## What is needed
Look through the listing below and write out exactly the lines from the line with "Bookworm Cozy Season" to the line with "Imán Corgi Con", both included, and no others.

## Information supplied
┄┄┄┄┄┄

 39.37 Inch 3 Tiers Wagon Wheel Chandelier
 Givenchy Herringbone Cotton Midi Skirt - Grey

┄┄┄┄┄┄

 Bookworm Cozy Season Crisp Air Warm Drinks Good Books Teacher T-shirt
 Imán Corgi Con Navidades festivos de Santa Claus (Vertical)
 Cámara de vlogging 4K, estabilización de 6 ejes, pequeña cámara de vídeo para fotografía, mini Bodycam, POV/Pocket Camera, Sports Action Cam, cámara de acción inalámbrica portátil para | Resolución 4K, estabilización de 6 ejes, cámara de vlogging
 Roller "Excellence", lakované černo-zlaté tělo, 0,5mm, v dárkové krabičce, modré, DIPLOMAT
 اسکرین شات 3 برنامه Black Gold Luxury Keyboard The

┄┄┄┄┄┄

## Result of the task
 Bookworm Cozy Season Crisp Air Warm Drinks Good Books Teacher T-shirt
 Imán Corgi Con Navidades festivos de Santa Claus (Vertical)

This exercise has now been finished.